ASK Michael O'Grady to sum up last Sunday's Croke Park stalemate and he'll tell you, straight up, that the Dublin hurlers were "below par" almost everywhere.
Ask the former Dublin manager what he thinks of their overall prospects and he'll wax lyrical about a team with genuine All-Ireland potential.
Therein lies perhaps your typical replay conundrum when assessing what might transpire in tomorrow's Leinster SHC quarter-final sequel against Galway in Tullamore (throw-in 4.45, live on RTÉ2).
As O'Grady puts it succinctly: "This is a serious team that Dublin have this year, I believe, and they know themselves they are capable of going all the way. But they have to take the first step first."
And to do so, they must raise their game several notches. "I think very few players would be happy with the way they played overall," the Limerick native surmises.
"There was no standout player.

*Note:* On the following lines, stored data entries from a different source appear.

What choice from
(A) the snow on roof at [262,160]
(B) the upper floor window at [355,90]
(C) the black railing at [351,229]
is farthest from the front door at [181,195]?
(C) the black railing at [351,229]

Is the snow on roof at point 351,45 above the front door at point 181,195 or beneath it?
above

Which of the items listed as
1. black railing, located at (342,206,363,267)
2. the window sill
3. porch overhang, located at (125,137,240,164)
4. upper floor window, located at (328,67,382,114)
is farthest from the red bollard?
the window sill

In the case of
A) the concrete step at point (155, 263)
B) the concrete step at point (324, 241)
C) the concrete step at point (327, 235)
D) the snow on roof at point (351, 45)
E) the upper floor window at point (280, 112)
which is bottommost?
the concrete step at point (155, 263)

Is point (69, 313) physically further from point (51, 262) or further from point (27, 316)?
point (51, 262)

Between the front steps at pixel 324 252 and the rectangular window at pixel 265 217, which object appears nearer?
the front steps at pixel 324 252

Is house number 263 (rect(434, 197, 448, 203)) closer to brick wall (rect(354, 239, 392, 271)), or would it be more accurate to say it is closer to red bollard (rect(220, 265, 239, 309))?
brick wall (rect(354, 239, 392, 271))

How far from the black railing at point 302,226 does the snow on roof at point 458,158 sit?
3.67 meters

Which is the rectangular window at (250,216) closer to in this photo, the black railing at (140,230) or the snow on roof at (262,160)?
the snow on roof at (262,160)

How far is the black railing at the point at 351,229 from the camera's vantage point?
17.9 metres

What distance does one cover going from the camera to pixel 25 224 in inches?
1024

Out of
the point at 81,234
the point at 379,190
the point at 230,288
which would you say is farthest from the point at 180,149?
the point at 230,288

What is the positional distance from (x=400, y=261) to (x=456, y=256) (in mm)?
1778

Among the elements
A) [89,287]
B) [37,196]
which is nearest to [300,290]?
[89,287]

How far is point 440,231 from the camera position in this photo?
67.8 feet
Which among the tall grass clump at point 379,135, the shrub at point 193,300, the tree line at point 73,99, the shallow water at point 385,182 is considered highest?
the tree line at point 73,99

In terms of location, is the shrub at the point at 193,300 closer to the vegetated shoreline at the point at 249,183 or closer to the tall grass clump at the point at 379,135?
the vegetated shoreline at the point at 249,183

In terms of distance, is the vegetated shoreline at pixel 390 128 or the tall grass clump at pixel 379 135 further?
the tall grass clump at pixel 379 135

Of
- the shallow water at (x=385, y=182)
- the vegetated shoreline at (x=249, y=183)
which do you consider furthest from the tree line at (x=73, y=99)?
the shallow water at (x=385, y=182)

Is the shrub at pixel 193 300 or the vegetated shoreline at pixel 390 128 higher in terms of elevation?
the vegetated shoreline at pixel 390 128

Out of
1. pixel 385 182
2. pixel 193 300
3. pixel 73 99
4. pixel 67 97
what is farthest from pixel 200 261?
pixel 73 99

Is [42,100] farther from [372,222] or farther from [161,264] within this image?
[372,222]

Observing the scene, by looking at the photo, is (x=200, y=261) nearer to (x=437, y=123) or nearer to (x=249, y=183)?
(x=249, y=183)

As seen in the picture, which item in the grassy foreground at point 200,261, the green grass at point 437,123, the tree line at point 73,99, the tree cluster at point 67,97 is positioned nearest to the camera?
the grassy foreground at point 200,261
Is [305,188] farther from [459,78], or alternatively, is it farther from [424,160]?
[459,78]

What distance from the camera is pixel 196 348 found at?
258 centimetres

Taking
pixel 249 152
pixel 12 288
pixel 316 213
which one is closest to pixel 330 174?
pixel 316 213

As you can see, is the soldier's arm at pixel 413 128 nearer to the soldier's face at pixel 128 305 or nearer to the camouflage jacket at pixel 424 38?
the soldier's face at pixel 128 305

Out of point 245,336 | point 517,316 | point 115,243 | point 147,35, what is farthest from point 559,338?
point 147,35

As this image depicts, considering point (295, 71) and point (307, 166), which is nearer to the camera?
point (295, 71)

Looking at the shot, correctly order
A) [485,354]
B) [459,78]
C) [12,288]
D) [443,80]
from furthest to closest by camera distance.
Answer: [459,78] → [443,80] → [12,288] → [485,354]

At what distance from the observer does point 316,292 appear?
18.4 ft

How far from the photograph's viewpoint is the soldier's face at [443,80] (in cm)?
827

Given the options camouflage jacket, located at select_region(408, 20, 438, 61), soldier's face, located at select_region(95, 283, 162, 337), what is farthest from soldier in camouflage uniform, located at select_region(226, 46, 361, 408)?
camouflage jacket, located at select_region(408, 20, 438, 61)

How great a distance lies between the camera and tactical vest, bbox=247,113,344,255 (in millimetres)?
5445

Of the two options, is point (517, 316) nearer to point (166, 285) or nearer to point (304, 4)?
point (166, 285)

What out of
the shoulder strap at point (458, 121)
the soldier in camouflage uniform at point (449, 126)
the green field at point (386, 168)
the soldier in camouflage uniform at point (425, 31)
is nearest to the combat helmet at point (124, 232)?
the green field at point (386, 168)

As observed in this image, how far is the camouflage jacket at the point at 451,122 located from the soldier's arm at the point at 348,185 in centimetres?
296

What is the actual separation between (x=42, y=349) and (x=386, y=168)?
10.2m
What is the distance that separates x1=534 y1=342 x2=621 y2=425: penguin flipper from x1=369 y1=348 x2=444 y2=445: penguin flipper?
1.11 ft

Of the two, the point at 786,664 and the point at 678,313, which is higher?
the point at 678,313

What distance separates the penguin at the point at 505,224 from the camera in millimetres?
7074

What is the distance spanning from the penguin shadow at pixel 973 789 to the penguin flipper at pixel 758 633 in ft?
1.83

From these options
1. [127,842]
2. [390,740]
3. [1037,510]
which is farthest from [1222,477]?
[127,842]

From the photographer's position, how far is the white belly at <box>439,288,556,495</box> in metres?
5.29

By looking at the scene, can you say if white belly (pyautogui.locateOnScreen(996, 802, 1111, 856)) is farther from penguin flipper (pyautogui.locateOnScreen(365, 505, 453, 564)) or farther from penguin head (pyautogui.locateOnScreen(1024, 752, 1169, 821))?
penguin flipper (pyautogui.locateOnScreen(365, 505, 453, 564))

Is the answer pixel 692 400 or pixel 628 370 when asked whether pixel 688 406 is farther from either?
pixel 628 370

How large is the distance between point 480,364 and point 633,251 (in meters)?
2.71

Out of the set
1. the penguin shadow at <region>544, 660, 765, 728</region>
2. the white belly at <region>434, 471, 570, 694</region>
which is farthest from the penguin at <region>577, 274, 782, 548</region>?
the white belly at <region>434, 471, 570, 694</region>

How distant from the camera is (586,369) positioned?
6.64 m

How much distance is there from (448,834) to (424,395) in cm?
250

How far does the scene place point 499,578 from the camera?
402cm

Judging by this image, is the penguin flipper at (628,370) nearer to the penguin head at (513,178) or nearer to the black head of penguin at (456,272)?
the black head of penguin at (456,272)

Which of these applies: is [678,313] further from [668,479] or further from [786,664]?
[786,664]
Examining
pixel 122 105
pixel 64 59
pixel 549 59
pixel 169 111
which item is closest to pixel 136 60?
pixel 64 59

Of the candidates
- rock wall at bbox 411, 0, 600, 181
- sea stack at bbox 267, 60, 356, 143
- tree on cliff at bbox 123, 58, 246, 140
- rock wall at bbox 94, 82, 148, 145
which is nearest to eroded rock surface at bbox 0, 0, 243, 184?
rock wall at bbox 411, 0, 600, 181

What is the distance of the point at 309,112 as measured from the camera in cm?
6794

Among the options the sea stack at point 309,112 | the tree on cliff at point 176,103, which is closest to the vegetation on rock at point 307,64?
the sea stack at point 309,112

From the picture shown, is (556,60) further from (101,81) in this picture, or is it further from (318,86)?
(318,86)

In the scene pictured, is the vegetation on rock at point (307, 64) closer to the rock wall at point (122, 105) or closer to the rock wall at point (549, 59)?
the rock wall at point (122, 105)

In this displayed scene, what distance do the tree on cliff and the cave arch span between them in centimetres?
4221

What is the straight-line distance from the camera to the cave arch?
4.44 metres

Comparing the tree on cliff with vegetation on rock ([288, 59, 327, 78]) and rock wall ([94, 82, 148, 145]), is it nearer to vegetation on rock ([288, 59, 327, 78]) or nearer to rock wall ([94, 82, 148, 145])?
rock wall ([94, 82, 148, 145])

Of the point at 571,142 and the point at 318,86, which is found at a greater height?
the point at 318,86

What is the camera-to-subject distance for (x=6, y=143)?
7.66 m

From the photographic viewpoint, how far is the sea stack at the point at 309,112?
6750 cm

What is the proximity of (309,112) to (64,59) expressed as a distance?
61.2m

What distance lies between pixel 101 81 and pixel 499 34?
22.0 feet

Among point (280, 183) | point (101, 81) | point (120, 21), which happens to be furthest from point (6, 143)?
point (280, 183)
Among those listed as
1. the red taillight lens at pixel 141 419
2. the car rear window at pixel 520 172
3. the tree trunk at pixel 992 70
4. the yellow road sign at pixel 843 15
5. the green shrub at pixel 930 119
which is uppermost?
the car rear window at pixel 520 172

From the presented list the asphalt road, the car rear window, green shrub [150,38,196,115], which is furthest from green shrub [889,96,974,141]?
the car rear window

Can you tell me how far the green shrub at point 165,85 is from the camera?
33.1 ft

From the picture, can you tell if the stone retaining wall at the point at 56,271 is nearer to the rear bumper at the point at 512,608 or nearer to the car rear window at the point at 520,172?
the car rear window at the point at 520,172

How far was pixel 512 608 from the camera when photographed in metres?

Mark Schutte had a very good first half, but he didn't get much ball in the second half. I'd say a lot of players would say to themselves 'God, I'm better than this'.
"So it's all about how Dublin turn up on Saturday in Tullamore. I just feel Dublin have more room for improvement than Galway. I think Galway played well overall last Sunday ... but Dublin have lots of places where there were mistakes made; and a lack of urgency; not able to kill off a game; giving away a very bad start, etc etc. They can work on all of these and I believe they will, and that will stand to them."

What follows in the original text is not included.